Eines lässt sich für das neue Jahr relativ gefahrlos vorhersagen: Es wird auch heuer wieder jede Menge Anlässe für Glossen und Satiren geben. Aber was ist eigentlich eine Glosse?

"Eine Glosse ist eine Erörterung, Beobachtung, Erwägung oder man kann auch sagen: zwanglose Meditation, leichtfüßige Untersuchung, gleitende Betrachtung, kurz ein blödes Geschwätz über ein sogenanntes aktuelles Thema." So definierte sie einer, der es wissen musste, nämlich Egon Friedell.

Und was ist eine Satire? "Ein satirischer Autor sagt und behauptet das Falsche, damit die Leser und Leute über das Richtige nachdenken." So definierte sie einer, der es ebenfalls wissen musste, nämlich Herbert Rosendorfer.

Und Heimito von Doderer, der so ziemlich alles wusste, schrieb: "Karikatur und Satire sind die billigste Art, sich von einem Objekt zu distanzieren. Man stößt es zurück, statt dass man es konsumiert. Denn es bekommt nicht."

Die Satire beschäftigt sich also mit Unbekömmlichem. Über das Bekömmliche und Wunderbare - etwa die öster rei chi sche Bundesregierung - würde nie jemand eine Satire schreiben.

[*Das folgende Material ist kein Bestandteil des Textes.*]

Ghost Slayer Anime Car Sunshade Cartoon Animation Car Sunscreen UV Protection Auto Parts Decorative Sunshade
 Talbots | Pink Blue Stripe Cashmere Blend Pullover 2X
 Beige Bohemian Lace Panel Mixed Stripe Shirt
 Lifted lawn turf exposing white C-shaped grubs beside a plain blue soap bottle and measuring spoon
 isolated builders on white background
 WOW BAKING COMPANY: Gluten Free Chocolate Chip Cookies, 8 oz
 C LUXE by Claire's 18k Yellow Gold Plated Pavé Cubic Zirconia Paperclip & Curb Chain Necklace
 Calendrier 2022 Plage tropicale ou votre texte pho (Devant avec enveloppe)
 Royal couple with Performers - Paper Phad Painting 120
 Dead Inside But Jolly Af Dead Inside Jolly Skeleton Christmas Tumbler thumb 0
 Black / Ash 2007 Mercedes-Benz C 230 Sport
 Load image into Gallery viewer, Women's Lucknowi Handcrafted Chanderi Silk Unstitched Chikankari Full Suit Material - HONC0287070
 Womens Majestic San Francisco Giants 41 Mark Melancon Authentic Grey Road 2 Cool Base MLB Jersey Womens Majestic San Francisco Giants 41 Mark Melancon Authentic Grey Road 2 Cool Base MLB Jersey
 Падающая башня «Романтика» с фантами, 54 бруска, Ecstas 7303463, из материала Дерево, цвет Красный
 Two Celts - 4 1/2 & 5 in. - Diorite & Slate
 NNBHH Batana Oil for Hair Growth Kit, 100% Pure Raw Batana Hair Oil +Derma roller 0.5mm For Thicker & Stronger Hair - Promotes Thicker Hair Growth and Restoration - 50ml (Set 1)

Ein weiterer wichtiger Punkt ist, dass Satire weit geht, oft zu weit. Auf dem Höhepunkt von Irlands Knechtung durch England verfasste der Ire Jonathan Swift eine Flugschrift mit dem Titel "Bescheidener Vorschlag im Sinne von Nationalökonomen, wie Kinder armer Leute zum Wohle des Staates am Besten benutzt werden können". Darin empfahl er den Engländern, die Massen an hungernden irischen Kindern doch zu Kinderfleisch zu verarbeiten und geschmort, gebraten, gebacken oder gekocht mit Karfiol zu verspeisen.

Das ging weit, zu weit. Aber Swift soll durch diese gnadenlose Übertreibung mehr Engländer zum Umdenken gebracht haben, was den Umgang mit Irland betraf, als es jede seriöse Denkschrift geschafft hätte. Auch er behauptete das Falsche, damit die Leser über das Richtige nachdachten.

Das Lachen bleibt einem bei einer solchen Satire klarerweise im Halse stecken. Aber Schicksal und Humor liegen mitunter eng beisammen. Nikolaus Harnoncourt sagte, man könne das Leitmotiv der Fünften Beethovens, der Schicksalssymphonie, auch als Lachen verstehen. Statt des Ta-ta-ta-taaa, mit dem nach gängiger Deutung das Schicksal unerbittlich ans Tor pocht, könnte man also auch ein Ha-ha-ha-haaa hören. Ein homerisches Gelächter.

Homer erfand es mit dieser Szene: Hephaistos, der lahme, bucklige Gott der Schmiedekunst, war mit Aphrodite, der wunderschönen Göttin der Liebe, verheiratet. Die Ehe verlief mäßig glücklich, denn Hephaistos wurmisierte zumeist in seiner Schmiede herum. Eines Tages erwischte er seine Frau bei einem Seitensprung mit Ares, dem herrlichen Kriegsgott. Von heiligem Zorn gepackt warf Hephaistos über die beiden ein selbst geschmiedetes Netz, sodass sie sich nicht mehr von ihrem Lager erheben konnten. Dann rief er den Rest der olympischen Belegschaft herbei, und
als die versammelten Götter das bewegungsunfähige Liebespaar in seiner verfänglichen Lage erblickten, brachen sie in lautes Gelächter aus.

Dabei schwang Spott über das ertappte Liebespaar mit, aber auch Schadenfreude über den gehörnten Ehemann. Also insgesamt ein verständnisinniges Lachen über die ewigen Schwächen des Menschen, selbst wenn er ein Gott ist. Homerisches Gelächter eben.

Bei den Sterblichen unten auf der Erde kam das Lachen übrigens als Donner an. Beim nächsten Gewitter können wir uns also denken: Jetzt lachen die da oben wieder darüber, was wir da herunten so alles treiben.

Vielleicht können wir dann sogar mitlachen. Wäre kein schlechter Neujahrsvorsatz für 2017, jedenfalls.